> ASSIGNMENT: Copy out all of the records. Keep every word exact.

Segment Start: SOURCE DATA

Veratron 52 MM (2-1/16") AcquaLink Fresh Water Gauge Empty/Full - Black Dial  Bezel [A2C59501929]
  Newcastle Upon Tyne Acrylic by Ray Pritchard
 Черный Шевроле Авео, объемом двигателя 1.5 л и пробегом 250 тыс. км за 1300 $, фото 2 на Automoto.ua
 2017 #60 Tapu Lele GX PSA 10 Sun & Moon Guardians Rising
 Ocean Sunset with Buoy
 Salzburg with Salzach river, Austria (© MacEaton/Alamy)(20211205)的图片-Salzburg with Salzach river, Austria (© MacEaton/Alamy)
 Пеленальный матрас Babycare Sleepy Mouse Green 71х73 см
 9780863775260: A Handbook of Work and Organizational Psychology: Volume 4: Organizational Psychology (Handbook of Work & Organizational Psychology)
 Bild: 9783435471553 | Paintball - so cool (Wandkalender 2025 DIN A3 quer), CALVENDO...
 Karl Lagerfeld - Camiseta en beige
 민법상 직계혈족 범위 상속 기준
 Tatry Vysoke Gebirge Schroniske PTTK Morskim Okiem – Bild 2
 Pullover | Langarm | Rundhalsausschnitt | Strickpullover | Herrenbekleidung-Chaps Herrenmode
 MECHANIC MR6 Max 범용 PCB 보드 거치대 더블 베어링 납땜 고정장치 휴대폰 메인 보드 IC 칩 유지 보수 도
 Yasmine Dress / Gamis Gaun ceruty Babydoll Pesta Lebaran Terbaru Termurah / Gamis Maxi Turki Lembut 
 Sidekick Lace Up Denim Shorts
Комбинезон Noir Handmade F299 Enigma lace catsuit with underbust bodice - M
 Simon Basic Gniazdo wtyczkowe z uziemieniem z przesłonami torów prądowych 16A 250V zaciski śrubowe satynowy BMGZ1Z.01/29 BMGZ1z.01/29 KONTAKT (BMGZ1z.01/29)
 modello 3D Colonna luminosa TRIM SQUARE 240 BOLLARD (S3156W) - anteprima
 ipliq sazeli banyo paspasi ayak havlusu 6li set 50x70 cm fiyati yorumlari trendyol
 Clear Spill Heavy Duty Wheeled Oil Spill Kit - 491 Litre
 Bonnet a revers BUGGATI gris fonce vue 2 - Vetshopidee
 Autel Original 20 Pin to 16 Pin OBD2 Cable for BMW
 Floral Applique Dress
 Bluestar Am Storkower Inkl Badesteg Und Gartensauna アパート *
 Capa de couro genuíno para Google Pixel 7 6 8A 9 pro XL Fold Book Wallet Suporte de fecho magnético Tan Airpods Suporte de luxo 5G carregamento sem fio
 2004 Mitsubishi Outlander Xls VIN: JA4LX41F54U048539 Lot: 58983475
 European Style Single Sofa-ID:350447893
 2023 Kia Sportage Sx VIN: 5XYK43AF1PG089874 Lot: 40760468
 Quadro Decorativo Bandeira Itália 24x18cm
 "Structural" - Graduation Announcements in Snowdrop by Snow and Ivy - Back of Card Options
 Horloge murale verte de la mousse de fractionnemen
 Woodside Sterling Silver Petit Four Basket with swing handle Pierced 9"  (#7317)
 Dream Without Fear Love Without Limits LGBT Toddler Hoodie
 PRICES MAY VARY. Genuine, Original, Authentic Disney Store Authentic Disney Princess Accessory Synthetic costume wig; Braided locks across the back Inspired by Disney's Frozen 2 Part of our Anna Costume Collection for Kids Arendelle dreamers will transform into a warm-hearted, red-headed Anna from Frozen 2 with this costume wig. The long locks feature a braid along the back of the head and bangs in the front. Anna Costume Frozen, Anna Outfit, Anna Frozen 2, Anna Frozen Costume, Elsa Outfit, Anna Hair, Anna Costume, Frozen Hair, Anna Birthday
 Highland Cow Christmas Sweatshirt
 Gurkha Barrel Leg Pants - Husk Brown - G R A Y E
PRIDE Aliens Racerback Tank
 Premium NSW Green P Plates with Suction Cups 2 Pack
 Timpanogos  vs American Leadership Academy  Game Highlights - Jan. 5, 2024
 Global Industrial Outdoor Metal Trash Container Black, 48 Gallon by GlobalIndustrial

Segment End: SOURCE DATA

> ANSWER FOR THE TASK:
Veratron 52 MM (2-1/16") AcquaLink Fresh Water Gauge Empty/Full - Black Dial  Bezel [A2C59501929]
  Newcastle Upon Tyne Acrylic by Ray Pritchard
 Черный Шевроле Авео, объемом двигателя 1.5 л и пробегом 250 тыс. км за 1300 $, фото 2 на Automoto.ua
 2017 #60 Tapu Lele GX PSA 10 Sun & Moon Guardians Rising
 Ocean Sunset with Buoy
 Salzburg with Salzach river, Austria (© MacEaton/Alamy)(20211205)的图片-Salzburg with Salzach river, Austria (© MacEaton/Alamy)
 Пеленальный матрас Babycare Sleepy Mouse Green 71х73 см
 9780863775260: A Handbook of Work and Organizational Psychology: Volume 4: Organizational Psychology (Handbook of Work & Organizational Psychology)
 Bild: 9783435471553 | Paintball - so cool (Wandkalender 2025 DIN A3 quer), CALVENDO...
 Karl Lagerfeld - Camiseta en beige
 민법상 직계혈족 범위 상속 기준
 Tatry Vysoke Gebirge Schroniske PTTK Morskim Okiem – Bild 2
 Pullover | Langarm | Rundhalsausschnitt | Strickpullover | Herrenbekleidung-Chaps Herrenmode
 MECHANIC MR6 Max 범용 PCB 보드 거치대 더블 베어링 납땜 고정장치 휴대폰 메인 보드 IC 칩 유지 보수 도
 Yasmine Dress / Gamis Gaun ceruty Babydoll Pesta Lebaran Terbaru Termurah / Gamis Maxi Turki Lembut 
 Sidekick Lace Up Denim Shorts
Комбинезон Noir Handmade F299 Enigma lace catsuit with underbust bodice - M
 Simon Basic Gniazdo wtyczkowe z uziemieniem z przesłonami torów prądowych 16A 250V zaciski śrubowe satynowy BMGZ1Z.01/29 BMGZ1z.01/29 KONTAKT (BMGZ1z.01/29)
 modello 3D Colonna luminosa TRIM SQUARE 240 BOLLARD (S3156W) - anteprima
 ipliq sazeli banyo paspasi ayak havlusu 6li set 50x70 cm fiyati yorumlari trendyol
 Clear Spill Heavy Duty Wheeled Oil Spill Kit - 491 Litre
 Bonnet a revers BUGGATI gris fonce vue 2 - Vetshopidee
 Autel Original 20 Pin to 16 Pin OBD2 Cable for BMW
 Floral Applique Dress
 Bluestar Am Storkower Inkl Badesteg Und Gartensauna アパート *
 Capa de couro genuíno para Google Pixel 7 6 8A 9 pro XL Fold Book Wallet Suporte de fecho magnético Tan Airpods Suporte de luxo 5G carregamento sem fio
 2004 Mitsubishi Outlander Xls VIN: JA4LX41F54U048539 Lot: 58983475
 European Style Single Sofa-ID:350447893
 2023 Kia Sportage Sx VIN: 5XYK43AF1PG089874 Lot: 40760468
 Quadro Decorativo Bandeira Itália 24x18cm
 "Structural" - Graduation Announcements in Snowdrop by Snow and Ivy - Back of Card Options
 Horloge murale verte de la mousse de fractionnemen
 Woodside Sterling Silver Petit Four Basket with swing handle Pierced 9"  (#7317)
 Dream Without Fear Love Without Limits LGBT Toddler Hoodie
 PRICES MAY VARY. Genuine, Original, Authentic Disney Store Authentic Disney Princess Accessory Synthetic costume wig; Braided locks across the back Inspired by Disney's Frozen 2 Part of our Anna Costume Collection for Kids Arendelle dreamers will transform into a warm-hearted, red-headed Anna from Frozen 2 with this costume wig. The long locks feature a braid along the back of the head and bangs in the front. Anna Costume Frozen, Anna Outfit, Anna Frozen 2, Anna Frozen Costume, Elsa Outfit, Anna Hair, Anna Costume, Frozen Hair, Anna Birthday
 Highland Cow Christmas Sweatshirt
 Gurkha Barrel Leg Pants - Husk Brown - G R A Y E
PRIDE Aliens Racerback Tank
 Premium NSW Green P Plates with Suction Cups 2 Pack
 Timpanogos  vs American Leadership Academy  Game Highlights - Jan. 5, 2024
 Global Industrial Outdoor Metal Trash Container Black, 48 Gallon by GlobalIndustrial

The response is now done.